Increasing application of nitrogen tended to raise grain yield by 9.9 - 13.5%. The lowest average corn grain yield (9.49 t ha-1) was registered with the hybrid ZP 434. It was somewhat higher (9.75 t ha-1) with the hybrid ZP 578 and the highest corn grain yield (10.03 t ha-1) with ZP 677. Study shows that highest yield is not always most profitable. In production year with good water supply (2005) highest profit is achieved with moderate use of nitrogen (60 kg ha-1). In draught production years (2006and 2007) highest profit was achieved with application of 60 to 120 kg ha-1.

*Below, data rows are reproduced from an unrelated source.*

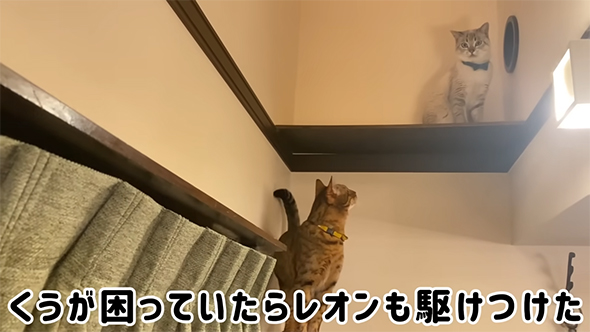 レオンくんも駆けつけた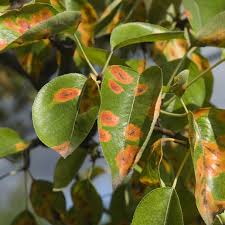 what s wrong with my crabapple tree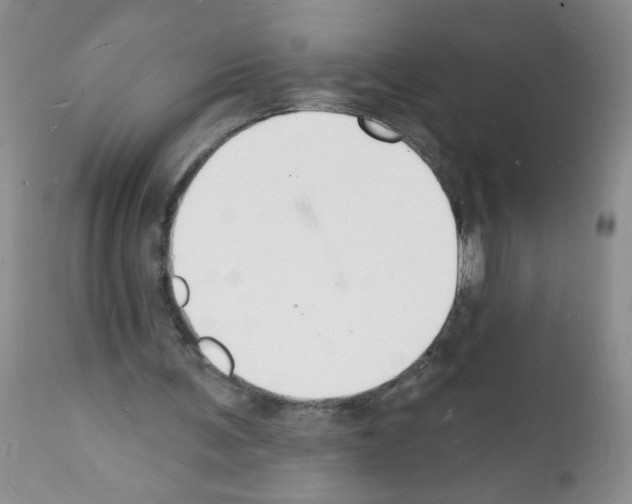 X0000112140291200909181405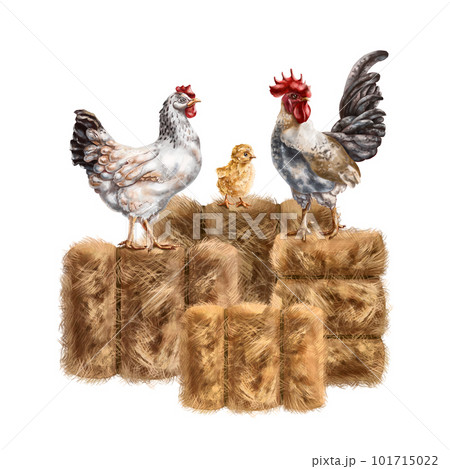 A composition of a white chicken, a chicken and a gray rooster among a pile of golden haystacks. For postcards, textiles, booklets, banners, stickers. Digital illustration. 101715022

Key words: corn production, profitability of corn production, fertilizer application. JEL: E61, Q13

1 Ljubisa Zivanovic, Ph.D., Assistant Professor, University of Belgrade, Faculty of Agriculture, Nemanjina Street no. 6, 11080 Zemun, Serbia, Phone: +381 64 350 52 49, E-mail: ljuba@agrir.bg.ac.rs

2 Vlado Kovacevic, Ph.D, Minister advisor, Ministry of agriculture and enviromental protection, Nemanjina Street no. 22-26, 11000 Belgrade, Serbia, Phone: +381 64 65 81 519, E-mail: vlado.kovacevic@minpolj.gov.rs

3 Vladan Lukic, M.Sc., Assistant, University of Belgrade, Faculty of Foresty, Kneza Viseslava Street no. 1, 11000 Belgarde, Serbia, Phone: +381 64 05 05 175, E-mail: vladan.lukic@sfb.bg.ac.rs

EP 2015 (62) 2 (421-436) 421

Introduction

The increase in the yield of maize in Serbia is achieved during the four cycles of selection and introduction into production of new hybrids, yield increase varied between 69,4 and 113,2 kg ha-1 yearly (Kojic, 1991). The largest increase was by introduction of two-line hybrids characterized by a larger genetic potential, and a greater phenotypic uniformity. Further increase in the yield of corn requires increasing the genetic yield potential of new hybrids, as well as improved cultivation technology (Kojic, Ivanovic, 1986; Vasic et al., 2001; Jovanovic et al., 2006). However, for a number of years in Serbia corn yields are stagnant or declining. Since 2006, until 2010, the average grain yield went down for about 170 kg ha-1 compared to the world average, fell by about 1,900 kg ha-1 compared to the EU average and less for 4,800 kg ha-1 than the average achieve the American corn producers (FAOSTAT, 2010). Such results are caused by a number of organizational - economic, and agro-technical reasons.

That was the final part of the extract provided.